3 - Como variáveis como renda, escolaridade e raça influenciam essa exposição?

Weeberb Réquia: Baixa renda e menor escolaridade limitam acesso a habitações de melhor qualidade, refrigeração, saúde e trabalho formal com proteção, resultando em maior exposição e menor capacidade de adaptação.

 

4 - Há diferenças regionais marcantes no Brasil em relação à exposição ao calor? Quais regiões concentram os maiores riscos?

Weeberb Réquia: Norte e Nordeste combinam temperaturas altas com umidade elevada, ampliando a carga térmica. Grandes metrópoles do Sudeste têm ilhas de calor intensas em bairros vulneráveis. Já no Centro-Oeste, ondas de calor mais frequentes e secas prolongadas elevam riscos, especialmente para trabalho externo.
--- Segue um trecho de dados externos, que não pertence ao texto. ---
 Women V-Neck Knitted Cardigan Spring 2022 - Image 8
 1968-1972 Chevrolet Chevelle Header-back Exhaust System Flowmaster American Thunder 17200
Em geral, periferias urbanas e municípios com baixa cobertura vegetal concentram os maiores perigos.

 

5 - Como o conceito de conforto térmico pode ajudar a ampliar a compreensão sobre os impactos do clima na saúde?

Weeberb Réquia: Conforto térmico integra temperatura, umidade, vento, radiação e atividade humana, aproximando a métrica do que o corpo realmente sente. Isso ajuda a traduzir risco climático em impacto à saúde, orientando alertas, jornadas de trabalho, desenho urbano e intervenções mais eficientes do que usar só “graus Celsius”.

 

6 - Que tipo de políticas públicas seriam mais eficazes para mitigar os efeitos do calor extremo sobre populações vulneráveis?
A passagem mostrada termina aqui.